> _EXERCISE INSTRUCTIONS_:
Find the line below with "a building with" and the line with "Freightliner CA-126 truck". Output exactly those lines and everything between them, leaving out the pictures.

> _STUDY MATERIAL_:
· · · · · · ·

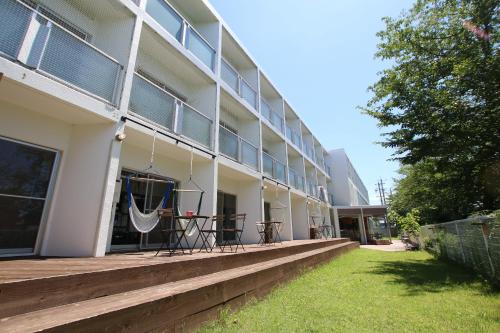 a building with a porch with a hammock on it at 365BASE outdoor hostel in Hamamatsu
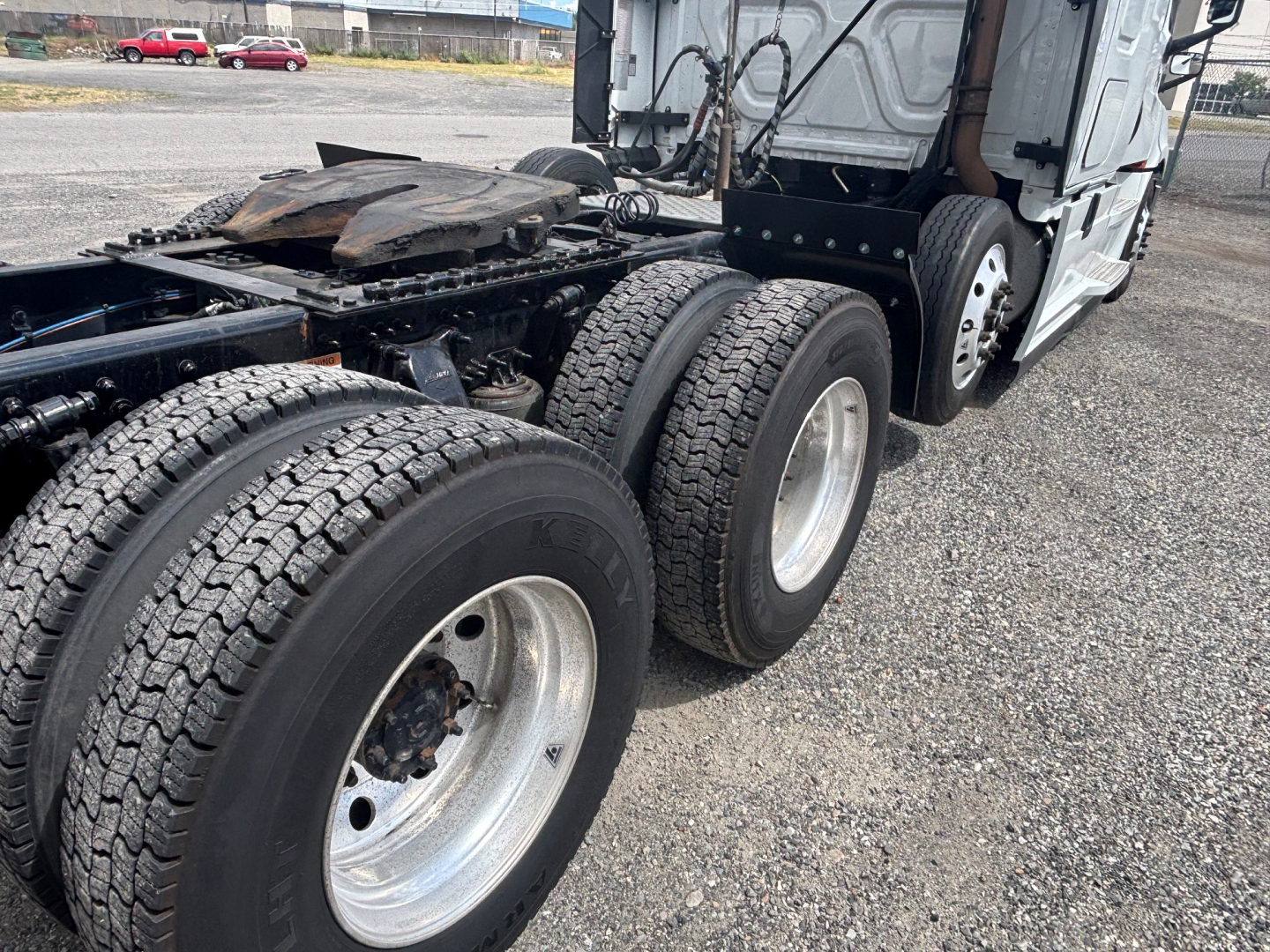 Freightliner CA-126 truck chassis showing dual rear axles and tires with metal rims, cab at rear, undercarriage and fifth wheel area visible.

· · · · · · ·

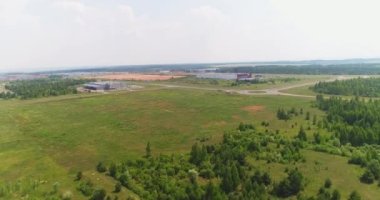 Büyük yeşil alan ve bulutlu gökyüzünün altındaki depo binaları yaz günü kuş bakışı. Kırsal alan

· · · · · · ·

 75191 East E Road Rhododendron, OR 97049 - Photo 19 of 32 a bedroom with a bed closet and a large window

· · · · · · ·

> _THE COMPLETED TASK_:
 a building with a porch with a hammock on it at 365BASE outdoor hostel in Hamamatsu
 Freightliner CA-126 truck chassis showing dual rear axles and tires with metal rims, cab at rear, undercarriage and fifth wheel area visible.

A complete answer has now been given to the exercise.